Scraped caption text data
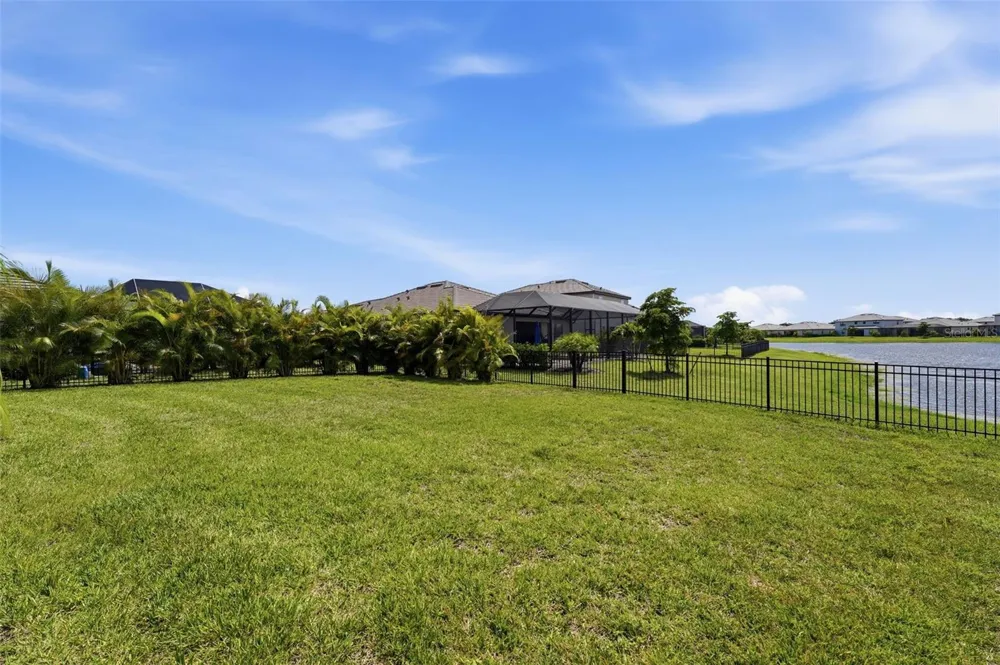 4886 SEAFOAM TRAIL Bradenton, FL 34211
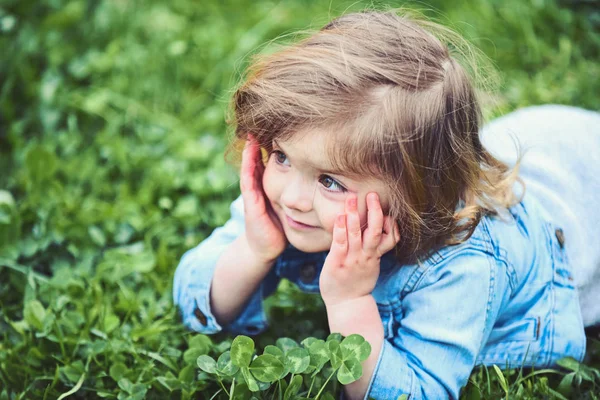 Söta barn smile på gröna gräsmattan — Stockfoto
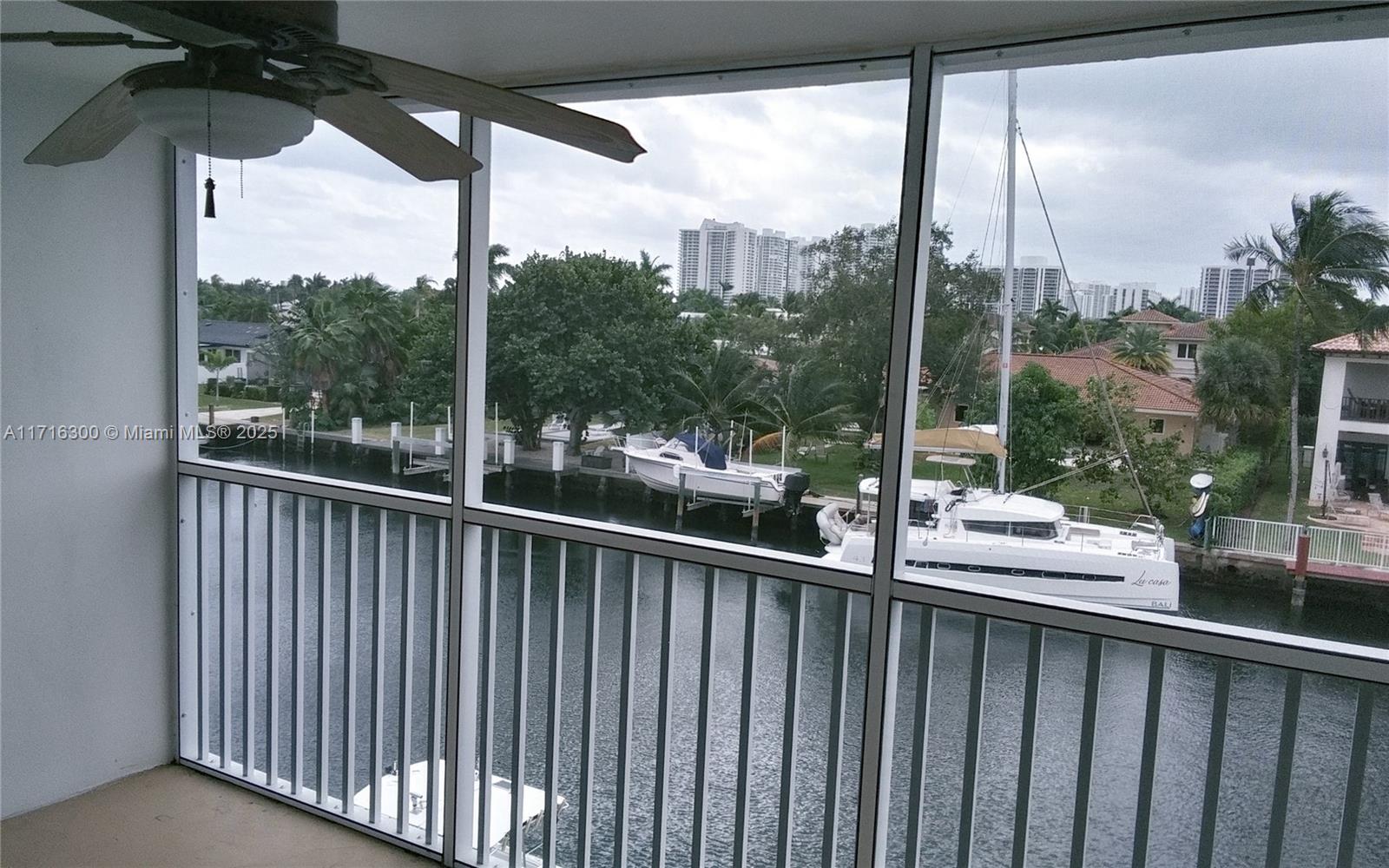ISLE OF PARADISE CO-OP E - Residential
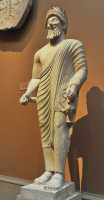 47 Homme en costume grec portant des offrandes - Temple de Golgoi (475-450)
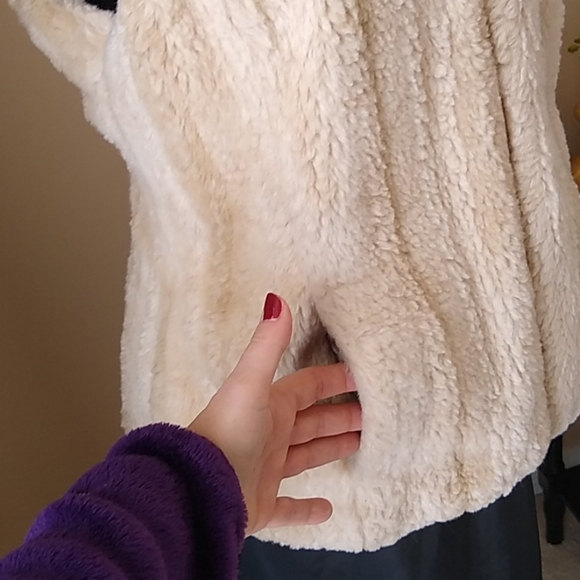 KRISTEN BLAKE Cream Color Reversible Faux Fur Vest - Picture 5 of 11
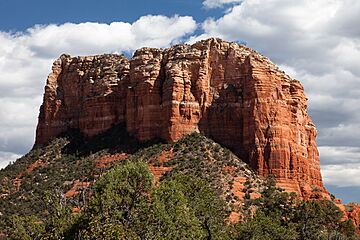 Courthouse butte (cropped).jpg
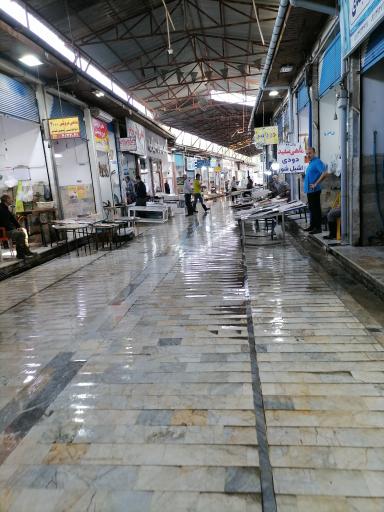 عکس بازار ماهی فروشان تنکابن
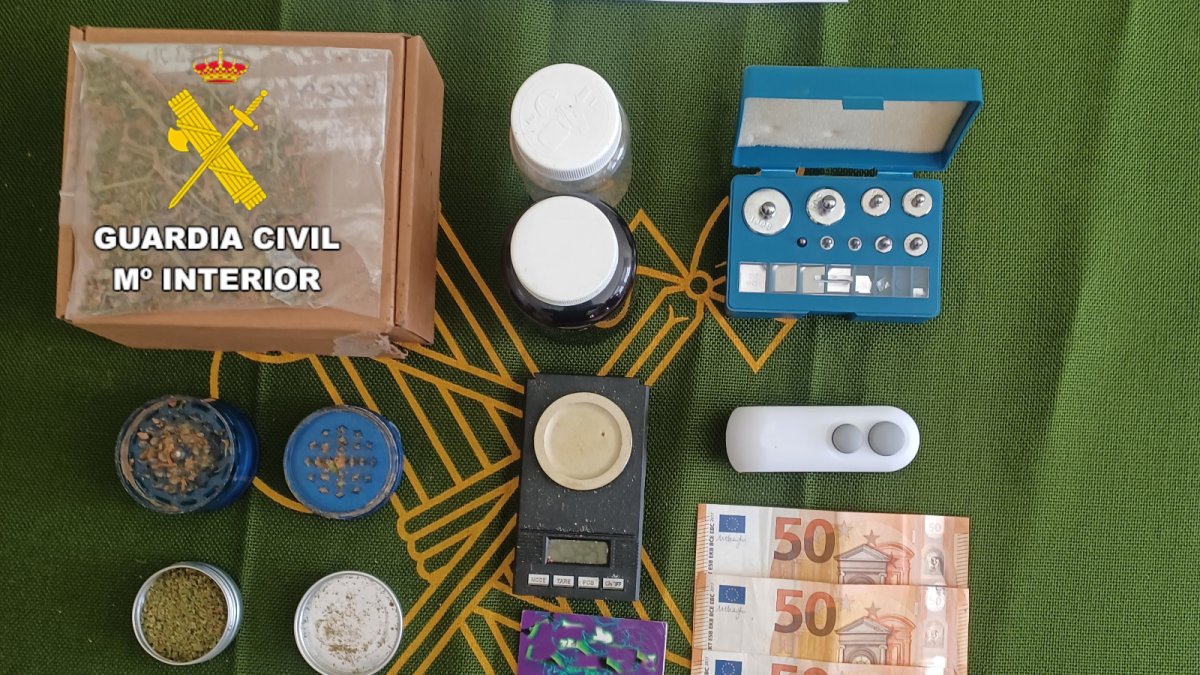 Material incautado por la Guardia Civil durante la operación.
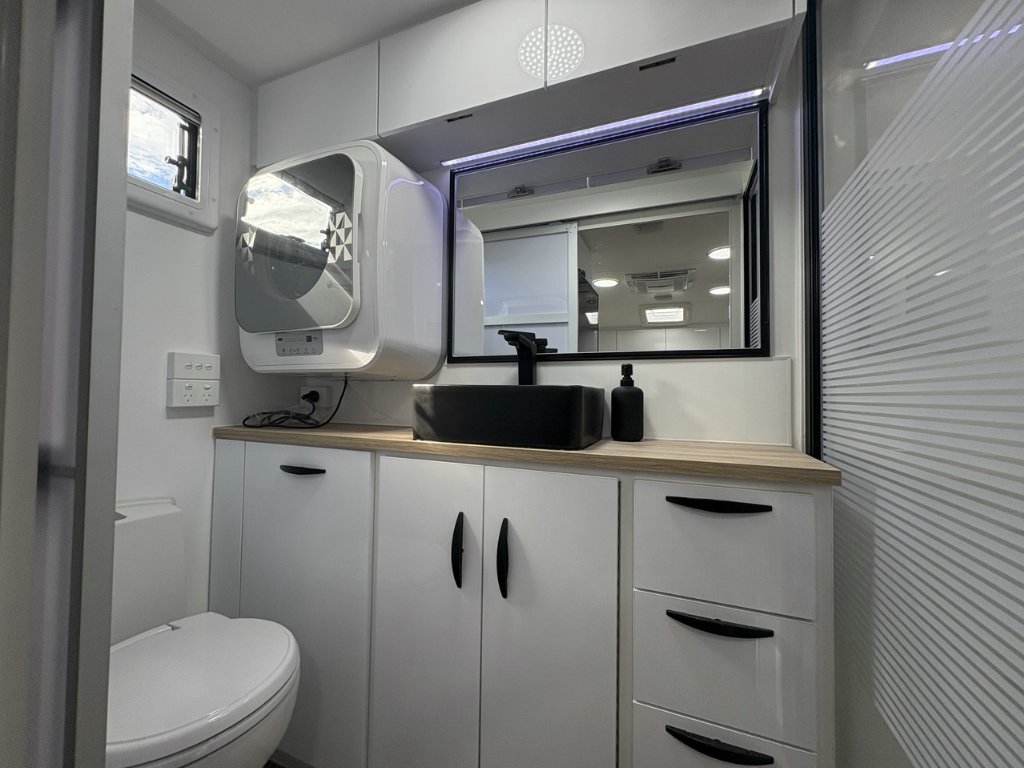 NEW 2026 SUPREME TERRITORY CARAVAN 1 AXLE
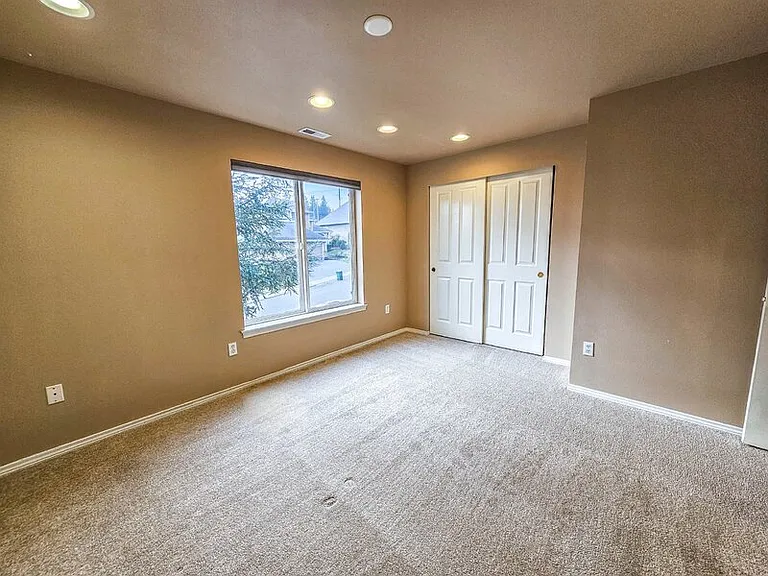 13818 NE 93rd Ct — Photo 24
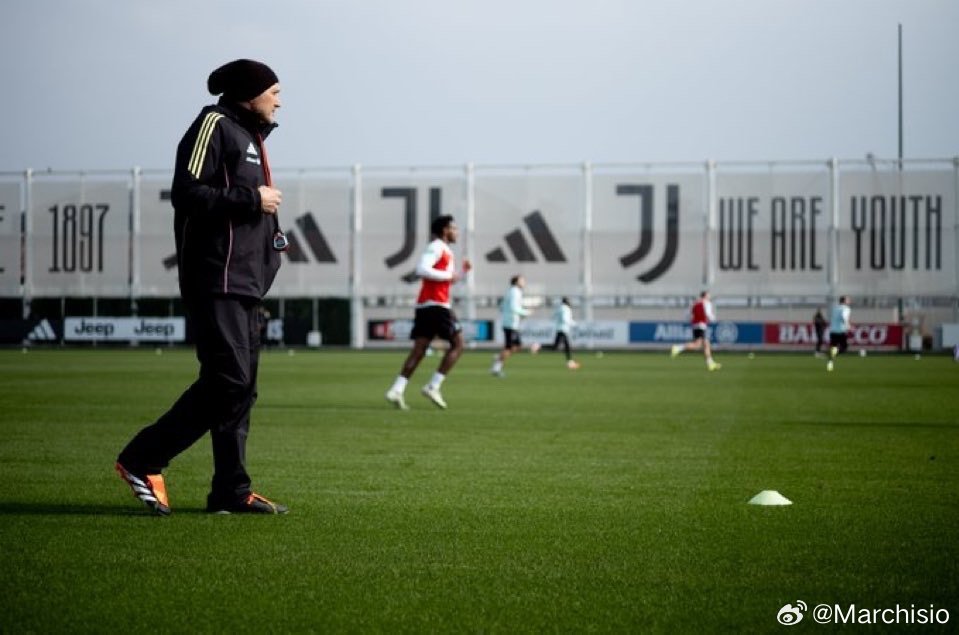 都灵体育报：斯帕莱蒂和尤文图斯尚未就续约达成一致。首先是合同年限的问题，其次是球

WHAT YOU SHOULD DO -> Word for word, give the data above again, without any images.

TASK OUTPUT ->
 4886 SEAFOAM TRAIL Bradenton, FL 34211
 Söta barn smile på gröna gräsmattan — Stockfoto
ISLE OF PARADISE CO-OP E - Residential
 47 Homme en costume grec portant des offrandes - Temple de Golgoi (475-450)
 KRISTEN BLAKE Cream Color Reversible Faux Fur Vest - Picture 5 of 11
 Courthouse butte (cropped).jpg
 عکس بازار ماهی فروشان تنکابن
 Material incautado por la Guardia Civil durante la operación.
 NEW 2026 SUPREME TERRITORY CARAVAN 1 AXLE
 13818 NE 93rd Ct — Photo 24
 都灵体育报：斯帕莱蒂和尤文图斯尚未就续约达成一致。首先是合同年限的问题，其次是球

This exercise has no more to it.